> Supplied material
┄┄┄┄┄┄┄┄┄┄┄┄┄┄┄┄┄┄┄┄

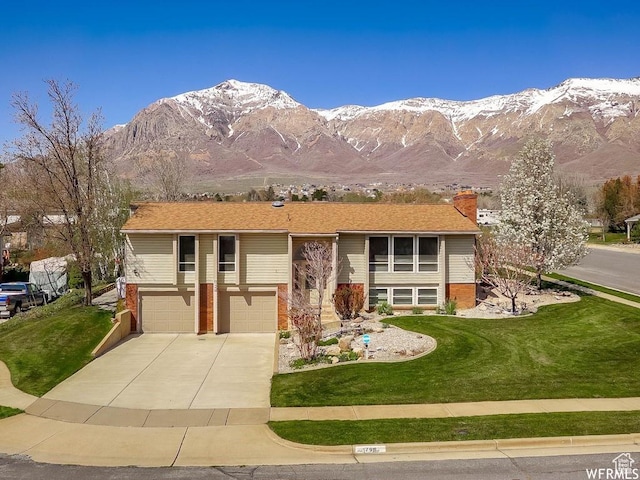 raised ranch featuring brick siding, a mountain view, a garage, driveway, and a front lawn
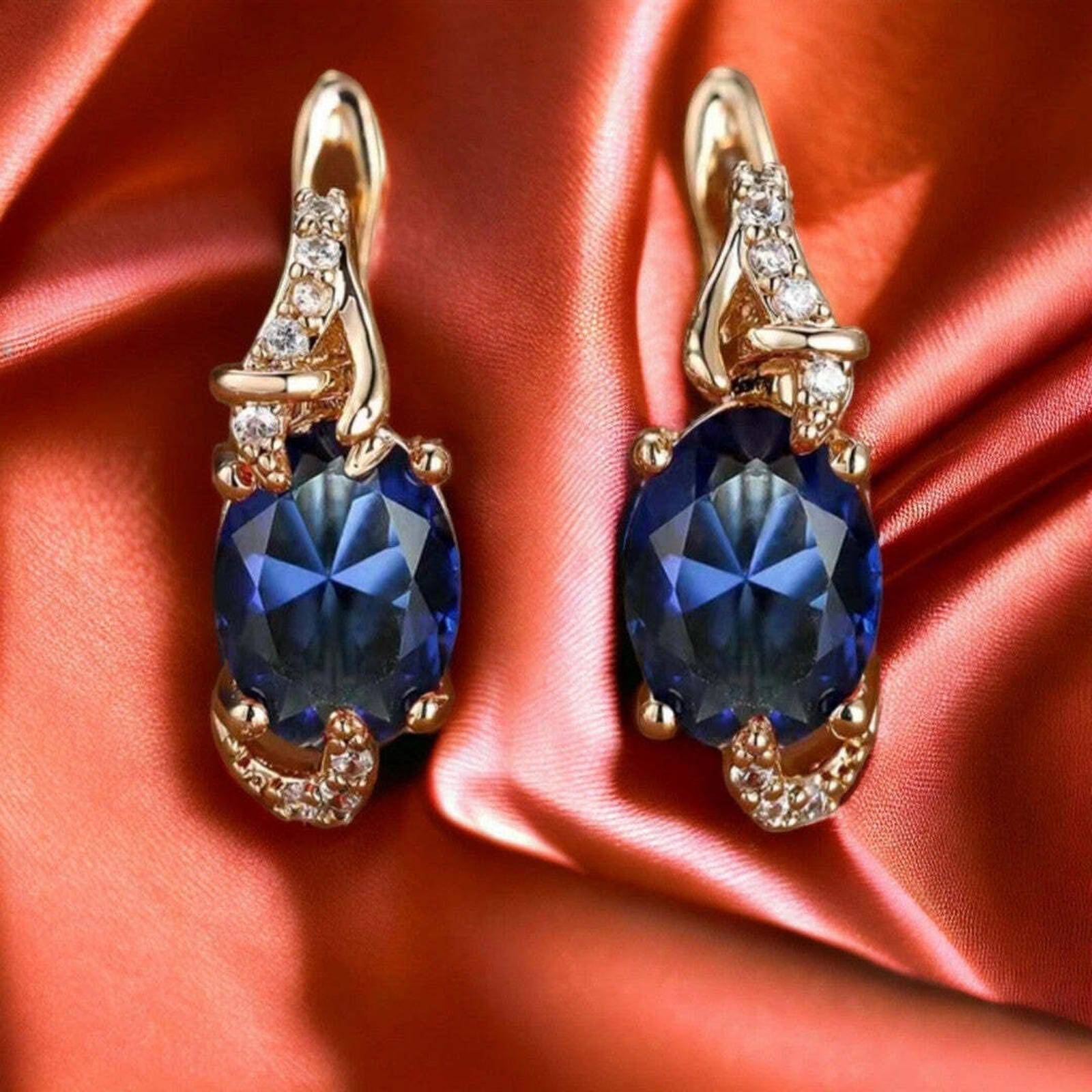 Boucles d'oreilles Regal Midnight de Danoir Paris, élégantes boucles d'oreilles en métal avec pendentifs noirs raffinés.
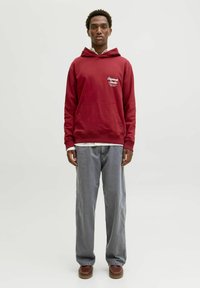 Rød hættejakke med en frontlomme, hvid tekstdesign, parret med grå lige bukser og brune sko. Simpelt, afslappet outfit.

┄┄┄┄┄┄┄┄┄┄┄┄┄┄┄┄┄┄┄┄

Return exactly the lines starting at the line with "Boucles d'oreilles Regal" and ending at the last line of the listing, both ends included; pictures are to be left out.

 Boucles d'oreilles Regal Midnight de Danoir Paris, élégantes boucles d'oreilles en métal avec pendentifs noirs raffinés.
 Rød hættejakke med en frontlomme, hvid tekstdesign, parret med grå lige bukser og brune sko. Simpelt, afslappet outfit.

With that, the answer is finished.